You can find some excellent imagery for reasonable prices when it comes to stock photography, but in most cases, yes, you will need to spend at least a little money. Trust me, it’s worth it. If you’re not in a position to generate professional quality photographs on your own, purchasing stock photography is going to be far less expensive than hiring a professional photographer.
Deciding that you’d rather use a photo of your own rather than spend $15 on a stock photo may not be advisable. If you have a nice camera and you’re comfortable using it, your pictures may be great - but photography isn’t everyone’s strong suit. Take an honest look at the pictures you’re thinking of using. Are they well composed? Are they clear? Do they look professional and attractive? If you’ve made an investment in a nice looking website design, this is not the place to cut corners. Mediocre or bad photography will drag down the entire look and feel of your site.
Obviously the more high quality content you can feature on your page, the better, but there are contexts where professional quality imagery is less important. If you have a blog, you may post about events and happenings within your business. A casual/candid cell phone picture from the company Christmas party doesn’t necessarily have to be pro quality. If you happen to have a pro photographer at your party, then bonus, but if that’s the case you probably aren’t in need of these tips to begin with!
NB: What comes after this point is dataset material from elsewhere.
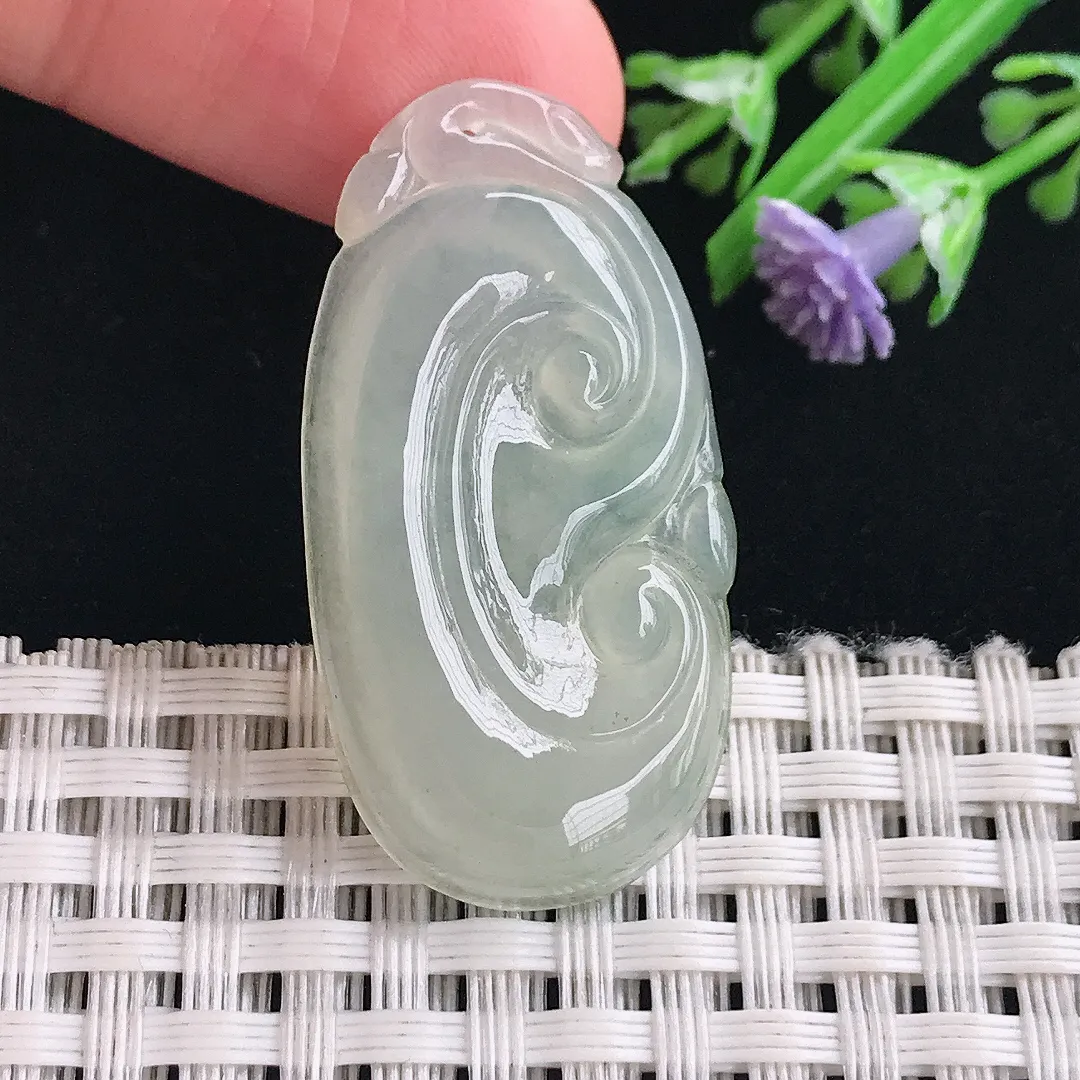 实拍A货翡翠37.6/19.6/4老坑冰胶水灵冰晴如意吊坠正装翡翠挂件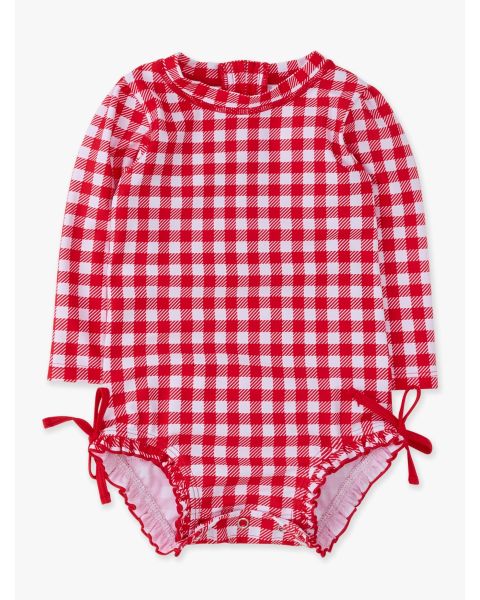 Vintage Red Gingham Long Sleeve One Piece Rash Guard Swimsuit, with Signature Rear Ruffles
Likewise, if you have a gallery section, as previously mentioned, what’s required of the pictures displayed in the gallery will depend on the gallery’s purpose. If the gallery is meant simply to display your various products, then yes, it is important that those pictures be taken well - your potential customer isn’t going to be impressed if your photos are blurry or too dark to properly see the product. Product pictures, however, can be fairly straightforward - they don’t need to be appealing in the way that a large featured image on your home page should.
Showing large images of your work on the home page of your website is a great thing if you’re a landscaper. If you’re a dentist, though, please keep in mind that seeing closeup photos of the inside of a mouth may be perfectly routine for you, but it’s going to be jarring for most users. These sorts of pictures would be perfectly appropriate in a gallery of before and after pictures, where they would be expected, but you don’t want a potential patient’s first response to your site to be a cringe! Stock photography of happy looking people with pretty smiles will do a much better job of drawing people in. If your business involves imagery that might be startling to the average person, think twice before displaying those images 900 pixels wide on your front page!
Whether your home page features a large static image or a slideshow, the first images that you display for your users should be appealing. They should show your professionalism and make it clear that you’ve put some time and thought into your website - an impression will hopefully then be backed up by the quality of the rest of your content!